------ Supplied records

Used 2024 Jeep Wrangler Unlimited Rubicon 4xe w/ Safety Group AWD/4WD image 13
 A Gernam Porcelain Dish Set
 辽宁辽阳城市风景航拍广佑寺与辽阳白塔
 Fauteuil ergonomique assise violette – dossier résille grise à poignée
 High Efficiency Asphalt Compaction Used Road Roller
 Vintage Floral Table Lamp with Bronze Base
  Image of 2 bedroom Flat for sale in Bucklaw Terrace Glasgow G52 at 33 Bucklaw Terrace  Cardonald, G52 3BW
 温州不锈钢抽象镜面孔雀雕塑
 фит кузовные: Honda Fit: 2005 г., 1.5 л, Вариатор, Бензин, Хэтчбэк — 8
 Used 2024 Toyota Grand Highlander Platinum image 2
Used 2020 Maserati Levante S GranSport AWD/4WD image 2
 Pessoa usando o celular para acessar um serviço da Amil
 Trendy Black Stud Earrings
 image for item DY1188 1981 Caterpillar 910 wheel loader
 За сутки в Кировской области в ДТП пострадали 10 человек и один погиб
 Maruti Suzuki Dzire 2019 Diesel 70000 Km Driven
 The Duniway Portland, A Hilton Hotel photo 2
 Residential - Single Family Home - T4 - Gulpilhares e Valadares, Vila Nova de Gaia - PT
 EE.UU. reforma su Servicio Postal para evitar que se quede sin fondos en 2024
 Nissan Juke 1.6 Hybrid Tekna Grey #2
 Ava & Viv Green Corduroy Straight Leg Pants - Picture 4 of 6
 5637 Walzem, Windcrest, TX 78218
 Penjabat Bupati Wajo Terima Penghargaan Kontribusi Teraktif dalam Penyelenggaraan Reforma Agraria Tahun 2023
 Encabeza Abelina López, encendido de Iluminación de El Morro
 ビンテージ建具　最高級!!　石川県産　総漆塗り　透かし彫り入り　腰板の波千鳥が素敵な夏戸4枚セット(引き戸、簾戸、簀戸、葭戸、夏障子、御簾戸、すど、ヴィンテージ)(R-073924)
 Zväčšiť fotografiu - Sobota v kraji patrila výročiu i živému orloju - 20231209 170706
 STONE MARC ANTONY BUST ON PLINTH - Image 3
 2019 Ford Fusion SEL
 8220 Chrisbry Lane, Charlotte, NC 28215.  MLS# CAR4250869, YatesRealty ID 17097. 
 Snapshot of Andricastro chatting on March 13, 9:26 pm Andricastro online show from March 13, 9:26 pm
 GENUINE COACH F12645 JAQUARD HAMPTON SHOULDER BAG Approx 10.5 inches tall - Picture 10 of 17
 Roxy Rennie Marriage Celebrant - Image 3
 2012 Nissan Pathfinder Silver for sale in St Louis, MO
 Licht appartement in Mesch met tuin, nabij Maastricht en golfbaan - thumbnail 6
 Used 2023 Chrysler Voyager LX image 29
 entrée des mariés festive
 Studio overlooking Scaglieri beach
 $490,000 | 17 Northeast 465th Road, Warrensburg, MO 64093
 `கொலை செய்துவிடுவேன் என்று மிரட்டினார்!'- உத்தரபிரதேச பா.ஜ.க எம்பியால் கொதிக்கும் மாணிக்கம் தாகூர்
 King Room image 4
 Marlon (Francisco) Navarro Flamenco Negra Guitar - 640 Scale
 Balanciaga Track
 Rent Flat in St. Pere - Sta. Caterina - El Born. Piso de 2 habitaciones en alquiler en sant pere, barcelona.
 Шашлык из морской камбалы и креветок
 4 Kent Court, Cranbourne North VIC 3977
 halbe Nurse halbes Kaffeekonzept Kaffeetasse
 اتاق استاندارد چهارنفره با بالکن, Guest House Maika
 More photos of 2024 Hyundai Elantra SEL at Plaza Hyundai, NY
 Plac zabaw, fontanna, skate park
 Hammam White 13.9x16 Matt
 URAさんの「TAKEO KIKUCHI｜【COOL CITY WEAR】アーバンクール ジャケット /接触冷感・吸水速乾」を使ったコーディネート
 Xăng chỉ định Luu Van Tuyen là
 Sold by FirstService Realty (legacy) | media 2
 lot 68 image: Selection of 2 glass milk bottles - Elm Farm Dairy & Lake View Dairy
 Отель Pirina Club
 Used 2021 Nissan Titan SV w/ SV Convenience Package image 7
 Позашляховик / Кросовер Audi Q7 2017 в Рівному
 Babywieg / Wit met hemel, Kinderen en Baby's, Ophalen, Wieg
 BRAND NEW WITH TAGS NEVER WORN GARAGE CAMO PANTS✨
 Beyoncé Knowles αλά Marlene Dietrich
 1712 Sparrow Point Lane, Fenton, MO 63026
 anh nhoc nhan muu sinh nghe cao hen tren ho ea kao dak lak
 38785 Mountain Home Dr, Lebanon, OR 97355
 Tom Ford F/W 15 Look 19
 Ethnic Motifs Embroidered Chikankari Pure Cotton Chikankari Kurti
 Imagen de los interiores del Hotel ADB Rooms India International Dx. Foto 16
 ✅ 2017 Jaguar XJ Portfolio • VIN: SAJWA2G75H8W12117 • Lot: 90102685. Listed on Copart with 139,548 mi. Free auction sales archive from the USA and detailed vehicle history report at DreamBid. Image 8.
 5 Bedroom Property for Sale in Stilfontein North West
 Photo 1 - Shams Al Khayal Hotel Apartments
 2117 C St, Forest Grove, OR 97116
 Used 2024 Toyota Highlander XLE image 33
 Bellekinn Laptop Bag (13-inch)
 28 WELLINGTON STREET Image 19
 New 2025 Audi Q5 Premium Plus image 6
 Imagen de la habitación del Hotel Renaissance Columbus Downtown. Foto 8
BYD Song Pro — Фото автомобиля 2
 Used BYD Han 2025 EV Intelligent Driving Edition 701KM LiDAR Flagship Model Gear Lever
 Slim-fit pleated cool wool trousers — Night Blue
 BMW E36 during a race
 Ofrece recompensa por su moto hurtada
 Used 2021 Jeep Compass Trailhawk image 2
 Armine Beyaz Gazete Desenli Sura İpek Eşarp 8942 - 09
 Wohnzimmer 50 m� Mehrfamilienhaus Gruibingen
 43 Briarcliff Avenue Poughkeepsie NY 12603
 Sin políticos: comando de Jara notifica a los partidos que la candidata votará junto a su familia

------------

Work required:
Only the lines with "Road" are needed; find them in the records and copy each one.

Task output:
 High Efficiency Asphalt Compaction Used Road Roller
 $490,000 | 17 Northeast 465th Road, Warrensburg, MO 64093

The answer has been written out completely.